Ask students to share the things they noticed and wondered. Record and display their responses for all to see. If possible, record the relevant reasoning on or near the image. After all responses have been recorded without commentary or editing, ask students, “Is there anything on this list that you are wondering about now?” Encourage students to respectfully disagree, ask for clarification, or point out contradicting information.

If the difference between 0 and non-0 remainders does not come up during the conversation, ask students to discuss this idea.

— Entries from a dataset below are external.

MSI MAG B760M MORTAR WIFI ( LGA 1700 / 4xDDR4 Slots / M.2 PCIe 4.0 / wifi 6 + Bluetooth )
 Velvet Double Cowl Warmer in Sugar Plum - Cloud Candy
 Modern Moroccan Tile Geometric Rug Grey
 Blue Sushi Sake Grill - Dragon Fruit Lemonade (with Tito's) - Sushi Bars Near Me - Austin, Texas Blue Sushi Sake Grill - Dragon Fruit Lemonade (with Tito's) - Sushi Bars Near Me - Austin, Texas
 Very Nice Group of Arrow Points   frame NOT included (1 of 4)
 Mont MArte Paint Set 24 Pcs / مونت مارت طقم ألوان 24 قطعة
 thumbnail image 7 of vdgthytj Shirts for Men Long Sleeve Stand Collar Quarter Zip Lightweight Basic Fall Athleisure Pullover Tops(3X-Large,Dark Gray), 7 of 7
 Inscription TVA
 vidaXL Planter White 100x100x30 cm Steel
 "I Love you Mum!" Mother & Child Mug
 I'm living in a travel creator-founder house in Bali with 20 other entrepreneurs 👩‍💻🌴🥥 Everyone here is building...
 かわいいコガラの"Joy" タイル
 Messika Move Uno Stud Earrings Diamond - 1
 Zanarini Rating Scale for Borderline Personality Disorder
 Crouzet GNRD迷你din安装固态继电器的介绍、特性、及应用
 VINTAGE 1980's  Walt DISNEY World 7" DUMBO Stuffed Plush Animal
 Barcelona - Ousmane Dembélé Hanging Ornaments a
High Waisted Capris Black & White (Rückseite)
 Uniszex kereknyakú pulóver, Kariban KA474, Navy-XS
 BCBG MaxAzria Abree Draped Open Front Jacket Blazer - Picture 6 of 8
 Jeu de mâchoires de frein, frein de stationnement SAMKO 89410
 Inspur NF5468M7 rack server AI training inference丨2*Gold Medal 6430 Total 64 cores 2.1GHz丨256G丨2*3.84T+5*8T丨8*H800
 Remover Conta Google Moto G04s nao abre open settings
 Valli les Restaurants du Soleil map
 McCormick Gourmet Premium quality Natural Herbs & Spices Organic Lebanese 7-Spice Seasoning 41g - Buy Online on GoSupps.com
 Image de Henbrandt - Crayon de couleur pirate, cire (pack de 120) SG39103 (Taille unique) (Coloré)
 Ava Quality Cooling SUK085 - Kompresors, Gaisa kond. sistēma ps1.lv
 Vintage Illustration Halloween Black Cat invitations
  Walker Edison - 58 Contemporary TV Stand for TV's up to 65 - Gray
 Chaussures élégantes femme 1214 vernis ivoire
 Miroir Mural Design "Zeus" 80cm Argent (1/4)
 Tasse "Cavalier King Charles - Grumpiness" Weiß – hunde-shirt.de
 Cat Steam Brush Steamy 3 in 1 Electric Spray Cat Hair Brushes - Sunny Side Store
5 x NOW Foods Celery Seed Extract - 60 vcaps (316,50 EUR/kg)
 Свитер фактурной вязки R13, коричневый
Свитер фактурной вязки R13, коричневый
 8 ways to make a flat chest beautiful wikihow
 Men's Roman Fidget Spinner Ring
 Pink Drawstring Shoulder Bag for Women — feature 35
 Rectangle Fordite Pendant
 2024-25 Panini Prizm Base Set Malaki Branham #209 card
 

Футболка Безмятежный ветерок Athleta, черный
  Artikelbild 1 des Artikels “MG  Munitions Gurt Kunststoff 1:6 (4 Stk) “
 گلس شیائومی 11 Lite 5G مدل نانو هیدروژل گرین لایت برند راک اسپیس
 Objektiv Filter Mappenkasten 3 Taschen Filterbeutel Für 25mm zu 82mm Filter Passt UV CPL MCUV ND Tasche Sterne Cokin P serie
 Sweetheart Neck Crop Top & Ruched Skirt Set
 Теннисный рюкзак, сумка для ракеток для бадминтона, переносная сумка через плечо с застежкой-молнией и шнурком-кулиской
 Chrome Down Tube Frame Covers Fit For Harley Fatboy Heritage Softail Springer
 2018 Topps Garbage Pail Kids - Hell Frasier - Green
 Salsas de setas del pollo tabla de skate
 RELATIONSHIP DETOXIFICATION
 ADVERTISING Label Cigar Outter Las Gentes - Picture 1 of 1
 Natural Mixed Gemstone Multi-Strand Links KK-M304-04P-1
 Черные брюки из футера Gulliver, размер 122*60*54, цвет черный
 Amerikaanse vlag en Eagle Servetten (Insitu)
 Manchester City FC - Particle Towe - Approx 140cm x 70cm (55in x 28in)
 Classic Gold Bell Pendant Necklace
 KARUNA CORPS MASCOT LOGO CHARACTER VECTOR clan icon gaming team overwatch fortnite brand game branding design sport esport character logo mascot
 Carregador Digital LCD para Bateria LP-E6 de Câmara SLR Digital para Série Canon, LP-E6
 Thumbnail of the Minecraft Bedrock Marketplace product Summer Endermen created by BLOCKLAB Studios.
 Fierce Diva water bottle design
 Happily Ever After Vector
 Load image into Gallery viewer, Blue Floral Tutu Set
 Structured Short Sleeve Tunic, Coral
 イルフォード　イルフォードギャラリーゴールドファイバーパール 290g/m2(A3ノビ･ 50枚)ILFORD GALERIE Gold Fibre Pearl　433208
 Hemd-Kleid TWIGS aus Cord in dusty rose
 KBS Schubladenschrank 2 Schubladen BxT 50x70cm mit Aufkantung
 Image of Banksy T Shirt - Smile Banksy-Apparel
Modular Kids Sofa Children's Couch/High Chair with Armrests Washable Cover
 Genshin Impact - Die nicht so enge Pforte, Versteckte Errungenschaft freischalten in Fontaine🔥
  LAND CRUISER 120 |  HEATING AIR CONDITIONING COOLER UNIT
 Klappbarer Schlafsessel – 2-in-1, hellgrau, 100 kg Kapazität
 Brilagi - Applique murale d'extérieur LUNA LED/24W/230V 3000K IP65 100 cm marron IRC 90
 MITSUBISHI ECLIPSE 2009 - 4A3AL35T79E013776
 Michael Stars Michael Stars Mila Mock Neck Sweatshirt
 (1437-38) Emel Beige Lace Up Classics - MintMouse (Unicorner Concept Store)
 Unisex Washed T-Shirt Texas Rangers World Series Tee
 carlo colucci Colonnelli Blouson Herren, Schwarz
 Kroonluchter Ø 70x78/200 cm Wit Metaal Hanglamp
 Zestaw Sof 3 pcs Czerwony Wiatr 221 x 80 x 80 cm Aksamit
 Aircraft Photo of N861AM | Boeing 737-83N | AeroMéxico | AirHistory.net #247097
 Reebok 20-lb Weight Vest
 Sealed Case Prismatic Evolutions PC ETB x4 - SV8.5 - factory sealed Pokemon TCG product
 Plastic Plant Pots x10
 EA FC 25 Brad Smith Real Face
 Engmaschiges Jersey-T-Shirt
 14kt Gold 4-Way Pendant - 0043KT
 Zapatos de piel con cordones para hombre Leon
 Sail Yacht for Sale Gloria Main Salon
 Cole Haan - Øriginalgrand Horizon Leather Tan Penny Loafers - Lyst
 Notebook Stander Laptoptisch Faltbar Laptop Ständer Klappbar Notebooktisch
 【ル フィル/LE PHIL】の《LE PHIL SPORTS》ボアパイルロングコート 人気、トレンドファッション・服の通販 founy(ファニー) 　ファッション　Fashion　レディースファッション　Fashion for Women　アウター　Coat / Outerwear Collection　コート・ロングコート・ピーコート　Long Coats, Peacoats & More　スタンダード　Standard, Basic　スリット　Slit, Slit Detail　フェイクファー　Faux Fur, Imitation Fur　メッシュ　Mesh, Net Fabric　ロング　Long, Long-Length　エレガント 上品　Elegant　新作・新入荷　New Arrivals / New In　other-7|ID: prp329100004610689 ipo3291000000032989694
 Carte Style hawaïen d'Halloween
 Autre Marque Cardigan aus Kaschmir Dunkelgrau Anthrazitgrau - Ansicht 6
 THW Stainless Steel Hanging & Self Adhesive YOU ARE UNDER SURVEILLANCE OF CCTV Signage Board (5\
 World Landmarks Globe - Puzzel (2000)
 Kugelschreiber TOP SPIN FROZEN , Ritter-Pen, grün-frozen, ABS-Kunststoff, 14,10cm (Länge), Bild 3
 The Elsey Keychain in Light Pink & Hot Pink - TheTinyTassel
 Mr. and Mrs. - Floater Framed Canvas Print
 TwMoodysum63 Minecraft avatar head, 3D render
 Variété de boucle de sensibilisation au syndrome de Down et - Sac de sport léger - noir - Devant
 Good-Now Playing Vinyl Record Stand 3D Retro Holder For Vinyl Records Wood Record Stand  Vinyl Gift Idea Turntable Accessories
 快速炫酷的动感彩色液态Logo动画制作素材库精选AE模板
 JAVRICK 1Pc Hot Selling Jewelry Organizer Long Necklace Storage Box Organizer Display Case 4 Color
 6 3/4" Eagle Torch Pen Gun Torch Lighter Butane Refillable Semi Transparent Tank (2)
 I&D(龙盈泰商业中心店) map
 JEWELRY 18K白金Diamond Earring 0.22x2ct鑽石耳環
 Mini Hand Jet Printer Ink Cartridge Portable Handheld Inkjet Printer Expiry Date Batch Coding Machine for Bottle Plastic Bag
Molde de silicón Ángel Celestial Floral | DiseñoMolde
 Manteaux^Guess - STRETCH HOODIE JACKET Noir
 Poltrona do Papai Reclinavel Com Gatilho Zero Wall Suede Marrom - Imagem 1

## 15.2: The Unknown Coefficient (10 minutes)

### Activity

While the link from seeing the factor \((x-a)\) to stating that \(x=a\) is a zero of a function has been made in several previous lessons, this activity asks students to use that knowledge in a novel way to identify an unknown coefficient in an expression for a polynomial function. Additionally, as a result of this activity, students should have a clear understanding of why a polynomial with a known factor of \((x-a)\) is equal to zero when \(x=a\) using the relationships between division and multiplication equations. Monitor for students using different ways to identify the value of \(u\), such as:

- graphing \(y=f(x)\) for different values of \(u\) to find a graph with \((2,0)\) as a horizontal intercept
- using long division and the knowledge that the remainder after dividing by \((x-2)\) is 0
- substituting 2 for \(x\) and solving for \(u\) when the expression is equal to 0

### Launch

*Representing, Conversing: MLR7 Compare and Connect.*Use this routine to prepare students for the whole-class discussion. At the appropriate time, ask students to prepare a visual display that shows their mathematical thinking and reasoning for the given question. Invite students to quietly circulate and read at least 2 other posters or visual displays in the room. Give students quiet think time to consider what is the same and what is different about the displays. Next, ask students to find a partner to discuss what they noticed. Listen for and amplify observations involving the strategy of substituting 2 for \(x\). This will help students connect their understanding of linear factors, zeros of a function, and function notation as they discuss different strategies.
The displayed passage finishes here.